Third, each band was measured with the use of the pan-band peak catalog. Though peak positions as initial values were common to all bands, measurements (deblend, centroid, flux, shape,…) were done independently of the other bands. Deblending did not create new children: the process only determined distribution of photon flux to existing peaks.
Independent measurements that we call here are this third stage of the measurement process. The outcome from the third stage are stored in meas table.
Forced photometry
The contents in forced table resulted from forced photometry. Let us explain its difference from independent measurements.
After the three stages above, the measurement proces still went on.
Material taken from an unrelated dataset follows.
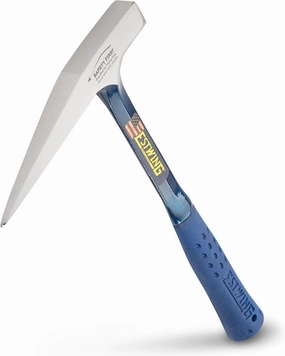 ESTWING Rock Pick - 13 oz Geology Hammer with Smooth Face & Shock Reduction Grip - E3-13P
Fourth, the catalogs from the third stage were collected to make a reference catalog with which to perform forced photometry. This merge was different from the second stage in nature: for each object, the process chose the first record that had sufficient flux S/N, among the bands from which the peak had actually come from, in the order of a pre-defined priority. The reference catalog resulted from this procedure. The flags merge_measurement_g, merge_measurement_r, etc. will tell you what band a reference record came from.
Fifth, forced photometry was performed on each band with the reference catalog. In this stage, some parameters (centroid and ellipticities) in flux measurements were not free but fixed as the reference. Note centroids and shapes were actually re-measured, but these new values were not used in flux measurements.
The outcome from the fifth stage are stored in forced table.